One reason that baseball, as American as any undertaking I can think of, is so mesmerizing to so many is that it’s full of Moments – pure, sweet individual pieces of time – that are etched into the minds and hearts of its devotees.  Babe Ruth pointing to the nosebleed section to plot the path for his next homer. Hank Aarron breaking the Babe’s homerun record.  Critically ill Lou Gehrig’s immortal “I’m the luckiest man on the face of the earth” farewell speech.  And perhaps the finest Moment of all, transpiring in a dozen and more stadiums on any given day during the long season, when thousands upon thousands of fans come to their feet during the seventh inning stretch and belt out “Take Me Out to the Ball Game”, the hearty delivery becoming the strong heartbeat of an institution that has marched admirably on for an awfully long time.

It’s even bled nicely over into our literature.

Being an avid reader, my natural attraction to things written about baseball goes back to my introduction to “Casey at the Bat” in elementary school. Since then I’ve enjoyed Roger Kahn’s The Boys of Summer, Frank Deford’s The Old Ball Game, legendary sportswriter Red Smith’s To Absent Friends, my friend Talmage Boston’s 1939: Baseball’s Tipping Point, columnist and baseball fanatic Roger Angell’s The Summer Game and Season Ticket, and political journalist George Will’s Men at Work: The Craft of Baseball. In the fiction department I recommend The Natural by Bernard Malamud, Michael Sharra’s For the Love of the Game, and my favorite, If I Never Get Back by Darryl Brock, a time travel yarn in which a modern day fellow suddenly finds himself in 1869 traveling with the Cincinnati Red Stockings, the first professional baseball team.

Suffice it to say, I’m a longstanding fan of baseball, in spite of the fact that my team of choice has consistently come up short of the big prize. And I count it a blessing that so many gifted wordsmiths have written books that amplify my passion.  The origin of which I can easily pinpoint.

In early October of 1999 I wrote a piece for “Texas”, the Houston Chronicle’s Sunday magazine back then, to commemorate the Astros’ last game in the Astrodome.  It was titled “More than Score and Dome Dogs” and it recounted some of my memories of attending hundreds of ball games there.

At the end of that article I wrote about my first visit to the Dome over three decades before that ignited my love of the game.

That night I saw my first home run hit there. A Houston player named Chuck Harrison slammed one out and my friends and our fathers came to our feet.  I almost dropped my hot dog.

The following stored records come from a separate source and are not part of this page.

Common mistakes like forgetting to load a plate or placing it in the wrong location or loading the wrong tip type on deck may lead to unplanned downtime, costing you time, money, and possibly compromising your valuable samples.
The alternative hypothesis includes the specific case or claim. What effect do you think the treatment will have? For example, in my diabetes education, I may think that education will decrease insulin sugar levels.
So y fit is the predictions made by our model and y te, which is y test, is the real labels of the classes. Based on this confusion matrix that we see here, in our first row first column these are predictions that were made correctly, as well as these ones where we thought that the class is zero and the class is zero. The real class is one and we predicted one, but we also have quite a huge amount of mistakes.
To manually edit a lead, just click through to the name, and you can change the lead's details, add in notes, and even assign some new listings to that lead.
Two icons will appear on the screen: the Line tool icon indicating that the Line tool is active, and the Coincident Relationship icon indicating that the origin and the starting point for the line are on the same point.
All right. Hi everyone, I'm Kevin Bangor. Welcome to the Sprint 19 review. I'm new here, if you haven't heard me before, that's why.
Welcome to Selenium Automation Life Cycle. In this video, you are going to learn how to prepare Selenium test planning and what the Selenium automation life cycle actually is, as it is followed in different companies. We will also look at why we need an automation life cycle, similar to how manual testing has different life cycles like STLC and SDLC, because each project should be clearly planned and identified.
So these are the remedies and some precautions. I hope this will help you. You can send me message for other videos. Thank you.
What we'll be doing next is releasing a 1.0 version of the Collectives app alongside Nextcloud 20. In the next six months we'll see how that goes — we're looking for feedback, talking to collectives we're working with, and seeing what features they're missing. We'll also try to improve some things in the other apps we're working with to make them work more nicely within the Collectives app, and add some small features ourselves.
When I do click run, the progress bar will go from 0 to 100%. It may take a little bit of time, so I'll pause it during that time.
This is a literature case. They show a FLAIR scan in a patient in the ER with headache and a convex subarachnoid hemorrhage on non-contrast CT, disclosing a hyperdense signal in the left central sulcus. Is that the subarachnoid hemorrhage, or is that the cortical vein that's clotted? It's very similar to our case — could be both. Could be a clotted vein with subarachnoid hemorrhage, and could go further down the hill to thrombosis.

The entire curved side of the building erupted into dazzling lights and smoke.  What had been dark dots on a dark wall became a cowboy on horseback roping a calf. Whistles blew. Horns honked. Things popped. Even the two giant Gulf signs on either end of the scoreboard seemed brighter than they could possibly be.  I wondered if they too would explode.

And in the middle of all of it, during all the hoopla and the noise and the cheering, my father looked down at me and squeezed my neck with his fingers. This man who had been born just a few years after the Wright Brothers took to the air, who had survived the Depression and had been to war whispered something into my ear. A secret.

“You may never see anything like this again,” he told me.

He’s long gone now.  And as so often has proved to be the case, he was right.

The Astros will report to spring training in Florida next February.  And my tender heart will give itself over to another season of hope springing eternal.